Thai owners of the Yuan Pro and Tang are now asking how safe their cars really are and how long they will wait for parts in a system under strain. The blow lands as EV sales stumble, discounting escalates among Chinese brands, and Neta Auto’s collapse leaves dealers out of cash and owners in limbo.
Thailand, often called the Detroit of Asia for its manufacturing heft, is in the middle of a hard reset. Japanese makers such as Toyota and Honda once ruled, but Chinese EV brands have seized ground with fast launches and heavy incentives.
The shine has faded. EV sales fell 10 per cent last year, while the total car market shrank 26 per cent. Analysts point to record household debt, tighter lending by banks, and a flood of cheap imports that have sparked a price war and drained confidence.

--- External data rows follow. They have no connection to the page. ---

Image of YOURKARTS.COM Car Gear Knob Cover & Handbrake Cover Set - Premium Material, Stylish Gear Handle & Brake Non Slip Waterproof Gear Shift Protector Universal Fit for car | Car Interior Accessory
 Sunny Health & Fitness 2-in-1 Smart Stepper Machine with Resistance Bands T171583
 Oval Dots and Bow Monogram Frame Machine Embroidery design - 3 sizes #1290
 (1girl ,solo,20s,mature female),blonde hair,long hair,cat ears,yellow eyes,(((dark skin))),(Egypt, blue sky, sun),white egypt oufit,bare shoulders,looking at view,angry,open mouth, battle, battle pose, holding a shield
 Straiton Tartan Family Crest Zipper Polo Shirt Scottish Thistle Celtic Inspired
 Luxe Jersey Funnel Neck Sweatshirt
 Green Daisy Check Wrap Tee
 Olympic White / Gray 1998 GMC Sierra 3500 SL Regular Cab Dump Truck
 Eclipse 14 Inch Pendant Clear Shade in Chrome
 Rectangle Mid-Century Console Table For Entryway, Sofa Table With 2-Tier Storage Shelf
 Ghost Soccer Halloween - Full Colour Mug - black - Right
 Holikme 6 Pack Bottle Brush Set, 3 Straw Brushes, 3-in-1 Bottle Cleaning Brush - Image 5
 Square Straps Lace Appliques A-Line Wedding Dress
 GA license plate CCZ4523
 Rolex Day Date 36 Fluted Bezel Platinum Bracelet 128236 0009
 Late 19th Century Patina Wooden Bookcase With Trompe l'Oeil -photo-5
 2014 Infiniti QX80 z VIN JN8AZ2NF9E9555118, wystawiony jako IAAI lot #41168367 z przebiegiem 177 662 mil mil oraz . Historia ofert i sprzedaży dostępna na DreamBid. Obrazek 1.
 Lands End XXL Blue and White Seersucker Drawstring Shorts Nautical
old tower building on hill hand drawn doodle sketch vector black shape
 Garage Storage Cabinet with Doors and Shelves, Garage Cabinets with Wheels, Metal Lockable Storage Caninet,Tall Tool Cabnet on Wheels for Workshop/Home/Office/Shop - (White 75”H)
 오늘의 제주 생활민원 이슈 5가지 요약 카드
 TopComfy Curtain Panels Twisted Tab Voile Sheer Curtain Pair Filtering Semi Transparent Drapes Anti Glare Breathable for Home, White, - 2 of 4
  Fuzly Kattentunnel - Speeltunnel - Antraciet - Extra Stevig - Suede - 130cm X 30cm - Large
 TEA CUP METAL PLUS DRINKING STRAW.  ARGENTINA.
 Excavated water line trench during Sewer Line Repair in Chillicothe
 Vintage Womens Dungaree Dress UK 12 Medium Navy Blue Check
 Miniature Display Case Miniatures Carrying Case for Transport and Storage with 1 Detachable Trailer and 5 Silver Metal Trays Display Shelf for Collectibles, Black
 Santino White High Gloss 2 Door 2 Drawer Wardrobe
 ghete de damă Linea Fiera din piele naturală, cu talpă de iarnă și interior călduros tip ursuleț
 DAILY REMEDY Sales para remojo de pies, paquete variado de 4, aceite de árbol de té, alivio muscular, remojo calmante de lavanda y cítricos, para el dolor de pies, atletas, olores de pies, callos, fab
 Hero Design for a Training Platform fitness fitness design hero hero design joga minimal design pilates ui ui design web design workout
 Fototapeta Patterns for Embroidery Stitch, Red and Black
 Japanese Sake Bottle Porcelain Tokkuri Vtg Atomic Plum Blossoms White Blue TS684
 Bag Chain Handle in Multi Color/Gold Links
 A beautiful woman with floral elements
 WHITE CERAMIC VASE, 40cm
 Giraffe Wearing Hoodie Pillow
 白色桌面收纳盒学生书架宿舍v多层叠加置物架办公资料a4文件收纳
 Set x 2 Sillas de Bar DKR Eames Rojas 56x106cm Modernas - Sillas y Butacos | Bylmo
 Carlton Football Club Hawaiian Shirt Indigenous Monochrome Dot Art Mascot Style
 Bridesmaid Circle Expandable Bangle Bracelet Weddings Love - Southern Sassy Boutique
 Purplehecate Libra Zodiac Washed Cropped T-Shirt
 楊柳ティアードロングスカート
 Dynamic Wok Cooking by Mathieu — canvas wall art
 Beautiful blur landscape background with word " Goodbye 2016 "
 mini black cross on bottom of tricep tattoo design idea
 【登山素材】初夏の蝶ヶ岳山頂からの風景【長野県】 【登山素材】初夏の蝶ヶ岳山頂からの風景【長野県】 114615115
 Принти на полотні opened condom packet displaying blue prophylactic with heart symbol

The recall, announced on 17 October by China’s State Administration for Market Regulation, covers 71,248 Yuan Pro EVs built in 2021 to 2022 due to battery sealing problems that could cause overheating, and 44,535 Tang plug-in hybrids from 2015 to 2017 for faulty drive motor controllers.
BYD Will Fix for Free
Most vehicles are in China, yet Thailand, BYD’s biggest overseas base with more than 38,000 registrations since 2022, is preparing for spillover. A Bangkok fleet operator who bought five Yuan Pros said he has told drivers to park them away from crowds and is bracing for delays, with little clarity on parts or timelines.
BYD Thailand says fixes will be free at its network of more than 60 dealers and that service capacity will be maintained. The timing is still awkward. Charging access outside major cities remains thin, and the sales slump has been sharp. Pure EV registrations fell 15.6 per cent year on year in early 2024, then crawled back to roughly 66,000 units through mid-2025.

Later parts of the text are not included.